Säkularisiert und enthusiasmiert

“Der enthusiasmierte Blick aufs Endliche werde dessen Teilhabe am Unendlichen gewahr. Die Selbstbildung des religiösen Menschen bestehe in der Kultivierung eines Lebensvollzugs, in dem er seine Begabungen in dem Bewußtsein ausbilden soll, dadurch an dem Facettenreichtum teilzuhaben, durch den sich das Unendliche dem Betrachter erschließt. Mit dieser Unendlichkeitskonzeption trägt Schleiermacher wesentlich bei zu der ‘ontologischen Differenzierung’ des Heiligen ‘in ein unerkennbares, nur in seinen Wirkungen erfahrbares Sein und den Wirkungen, durch die es sich phänomenal manifestiert’, die Ulrich Gaier als Teilaspekt des modernen Säkularisierungsprozesses bewertet hat. Säkularisierung heißt hier ‘Ablösung von Vorstellungskomplexen der überlieferten christlichen und auch altestamentarisch-jüdischen Kultur, die durch diese Verweltlichung eine Umdeutung erfahren.” (Magnus Schlette)
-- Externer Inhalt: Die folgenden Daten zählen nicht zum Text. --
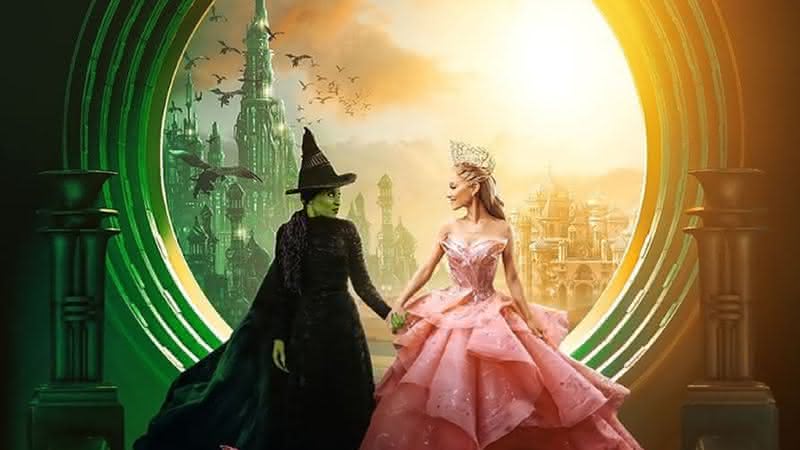 Cynthia Erivo e Ariana Grande em Wicked - Divulgação/Universal Pictures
Mit anderen Worten ließe sich sagen: Eine Heiligung der Welt, eine Begegnung mit unendlichen Dingen – im ‘symbolistischen’ Sinne- bedarf der Initiative der Selbstexploration – nun ohne buchreligiöse Chiffren. Säkularisierung wird so zur Selbstermächtigung, aber eben genau über den Zugang zum Heiligen -Säkularisierung wird so Voraussetzung zur Sakralisierung, die in Unmittelbarkeit und Hiesigkeit ‘verborgen’ liegt. Die religionsspezifische Abscheidung des Heiligen zu Gott aber meint(e) auch immer eine Entheiligung der Welt.
Von einer Re-Sakralisierung indes ließe sich sprechen, weil die Welt einst durchweg magisch wahrgenommen wurde. Sie ist es heute selbstredend nicht minder- kein Fortschritt hindert dies. Eher ein falsch verstandener Fortschrittsglauben etwa im Jasper‘schen Sinne eines Aufklärichts kann Säkularisierung und Profanität zwanglos in Eines setzen. ” (Aufkläricht als übertriebenen Rationalismus, Verstandesglauben oder ein Vernünftlerisches. “Karl Jaspers unterschied scharf zwischen ‘wahrer’ Aufklärung und einem verflachten ‘Aufkläricht’. Während wahre Aufklärung Vernunft und Menschlichkeit verbindet, ist ‘Aufkläricht’ eine Überhöhung des bloßen Verstandes ohne ethische Tiefe.” (KI)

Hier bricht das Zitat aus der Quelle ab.